We turned in our carefully detailed primary source research reports, and it was time to start writing.  Hours of research now had to be summed up into 300 word text boxes with images and audio.  For some of us, keeping it short, sweet, and to the point was not easy.  We had to discuss with others what they were writing as well, to make sure not to waste precious words repeating ourselves.  Along with the 22 sites, we had also decided to address some of the themes we found reoccurring throughout the research, such as farming, transportation, and family participation during the War of 1812.  It was also necessary to provide an introduction, not only to the war, but also to Battle of Lake Erie to put the retreat in to context (as it is all about context...), and have a conclusion to the retreat and the war itself.  
Mock-Screen Shot for First Draft

Once assembled, this first draft needed to be edited.  We were taking content  about 29 different sites and themes, authored by 12 different people, and making it into one cohesive narrative.  That was a very long weekend for the group leaders and editors...

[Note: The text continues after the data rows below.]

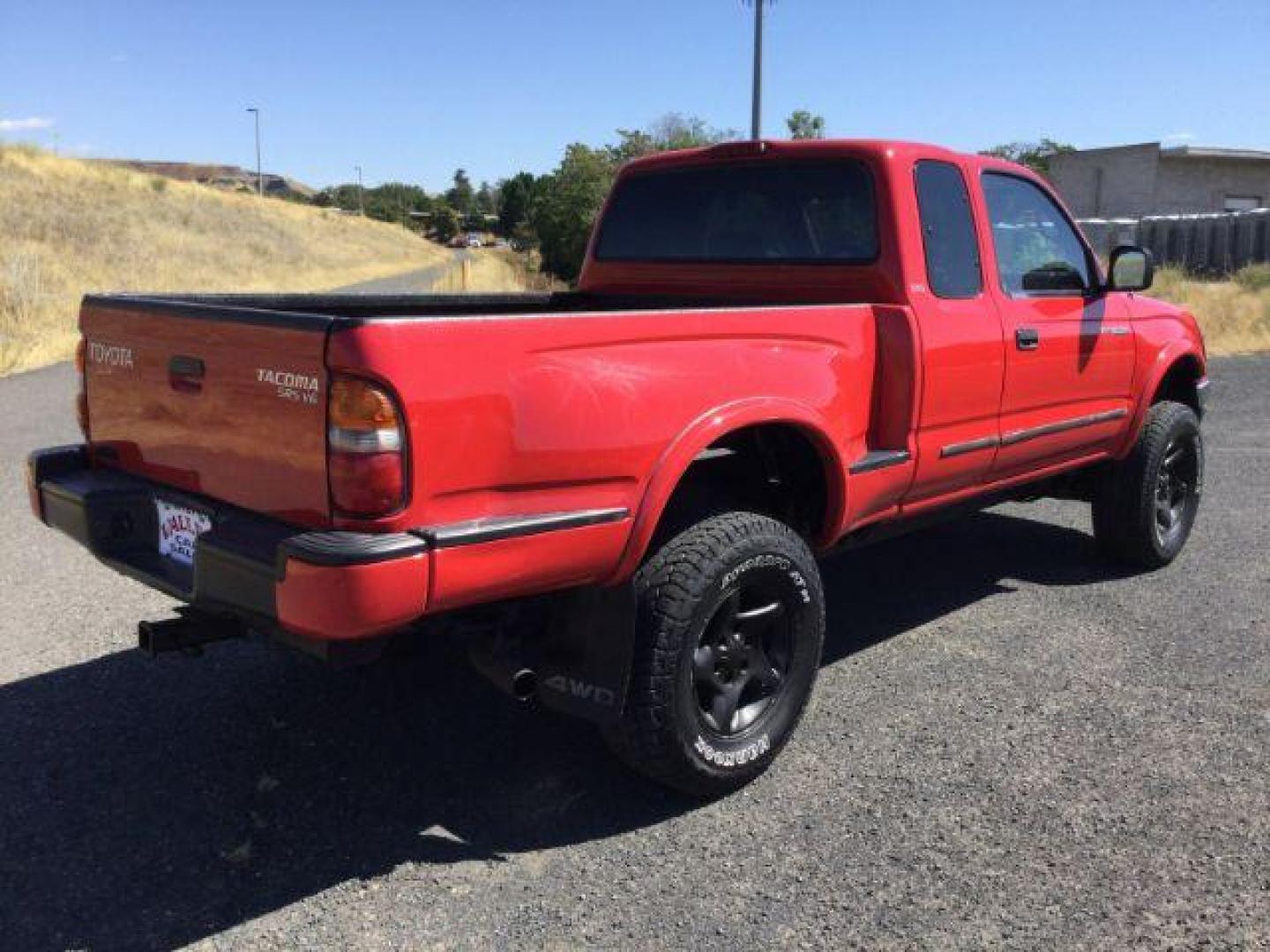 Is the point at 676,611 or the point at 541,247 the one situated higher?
the point at 541,247

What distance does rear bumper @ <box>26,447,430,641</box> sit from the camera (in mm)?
2428

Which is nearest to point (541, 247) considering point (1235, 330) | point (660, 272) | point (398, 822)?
point (1235, 330)

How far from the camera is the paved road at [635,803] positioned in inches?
106

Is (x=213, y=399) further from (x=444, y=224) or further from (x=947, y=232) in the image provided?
(x=444, y=224)

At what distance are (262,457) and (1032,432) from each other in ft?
10.6

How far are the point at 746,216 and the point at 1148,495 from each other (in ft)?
8.50

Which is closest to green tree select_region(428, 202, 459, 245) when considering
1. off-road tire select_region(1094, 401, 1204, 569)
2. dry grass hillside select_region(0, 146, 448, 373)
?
dry grass hillside select_region(0, 146, 448, 373)

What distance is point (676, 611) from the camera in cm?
303

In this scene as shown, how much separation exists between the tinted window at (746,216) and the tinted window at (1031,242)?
72cm

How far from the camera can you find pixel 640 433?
2904 millimetres

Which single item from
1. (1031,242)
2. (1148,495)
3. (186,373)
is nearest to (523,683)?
(186,373)

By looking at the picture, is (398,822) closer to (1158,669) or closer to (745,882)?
(745,882)

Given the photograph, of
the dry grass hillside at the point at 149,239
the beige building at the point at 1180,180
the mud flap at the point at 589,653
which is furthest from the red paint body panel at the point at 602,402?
the beige building at the point at 1180,180

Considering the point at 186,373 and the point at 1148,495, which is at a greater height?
the point at 186,373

During the time between the first and second drafts were were thrown a curve-ball.  The partners had contracted an entirely different company to create the app.  The technical framework with which we had been working was going to change.  Work temporarily paused, and we knew that new specification from this company could change some of our plans.  How many images would there be per site?  What were the format requirement for the audio and video?  Was there a limit on the number of sites?  These were all important questions we had to address before we could start ordering digital copies of our images, paying for the rights to use them, and record our audio.

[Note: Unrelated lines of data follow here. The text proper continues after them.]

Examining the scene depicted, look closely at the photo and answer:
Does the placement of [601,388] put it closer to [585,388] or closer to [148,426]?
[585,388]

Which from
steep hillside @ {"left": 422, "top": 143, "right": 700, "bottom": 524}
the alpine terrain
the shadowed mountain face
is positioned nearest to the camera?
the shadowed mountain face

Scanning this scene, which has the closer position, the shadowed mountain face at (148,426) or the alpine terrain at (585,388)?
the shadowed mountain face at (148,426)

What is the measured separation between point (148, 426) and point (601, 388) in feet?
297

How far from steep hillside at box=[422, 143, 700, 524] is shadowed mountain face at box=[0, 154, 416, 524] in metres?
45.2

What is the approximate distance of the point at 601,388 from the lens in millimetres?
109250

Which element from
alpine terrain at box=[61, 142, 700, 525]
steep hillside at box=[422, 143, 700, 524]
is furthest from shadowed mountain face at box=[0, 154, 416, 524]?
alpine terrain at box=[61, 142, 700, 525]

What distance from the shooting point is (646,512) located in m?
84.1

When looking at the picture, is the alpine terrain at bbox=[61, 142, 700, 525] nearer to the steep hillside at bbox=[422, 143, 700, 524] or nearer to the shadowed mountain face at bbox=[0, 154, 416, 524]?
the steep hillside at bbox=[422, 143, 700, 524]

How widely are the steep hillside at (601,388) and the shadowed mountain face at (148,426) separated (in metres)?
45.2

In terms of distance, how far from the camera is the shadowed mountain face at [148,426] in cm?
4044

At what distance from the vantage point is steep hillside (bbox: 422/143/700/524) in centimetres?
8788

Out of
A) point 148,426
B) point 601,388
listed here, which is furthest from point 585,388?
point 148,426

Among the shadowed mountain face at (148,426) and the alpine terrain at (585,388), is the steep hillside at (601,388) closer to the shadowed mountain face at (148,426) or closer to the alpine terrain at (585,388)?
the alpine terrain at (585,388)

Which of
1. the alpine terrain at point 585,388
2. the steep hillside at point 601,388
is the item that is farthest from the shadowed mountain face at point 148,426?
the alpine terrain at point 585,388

After a Skype call between our team, the partners, and Weever (the app company) we were all - for the most part - on the same page, and we kept working toward a final draft.  Weever was eager to start adding content as they were planning on a launch date in May, but we were still waiting for feedback from the partners on our second draft.  I had been serving as a large group facilitator, and I lost track of the number of email sent with images and audio.
Final Draft PowerPoint

Finally, I sent the last of the content to Weever, and gave Professor Mike Dove a hard copy of our final draft, along with a final budget and permissions for all of our images, audio, and video.  It is hard to express the relief that followed.  

There have been a few changes since turning in our final draft.  We were sent a temporary link to the app in progress, which I opened to discover our sites had been combined with dozens more in the south west Ontario region.  It had been decided rather than to do several small regional apps, to just do one large app.  This meant that while our narrative was still there, it was a bit lost among all the other sites.  There were also some edits that needed to be made to the content, and missing captions (which provided information about where we got our content - which was sometimes a condition of permission to use it.)  These issues are being addressed, and I look forward to having a final product I can proudly show to prospective employers when I start interviewing for a job this fall.

Like I said at the beginning, this whole process has been a learning experience.  Those of you who know me, know that I take great pride in my work, and like to have control over the process (that may be what lead me to the role of large group facilitator...) as well as the final product.  I had to keep reminding myself, especially toward the end of the project, that we were just providing the content.  It isn't solely our app, we were contracted to work on it.  

This also became part of one of the biggest lessons I learned about graduate school - it isn't always about the product, sometimes it's about the process.  Is this project what I envisioned it would be when we started? No, not even really close.  Did I learn a lot in the process?  Absolutely.  I researched in archives, made contacts with local historians, sought permission to use images, work on maintaining a project budget, wrote historical text for public consumption, leaned how to be flexible in a contract position, lead group meetings, and with my small group presented our project at a national conference.  So regardless if the end product is what I thought it would be, it was certainly a successful one!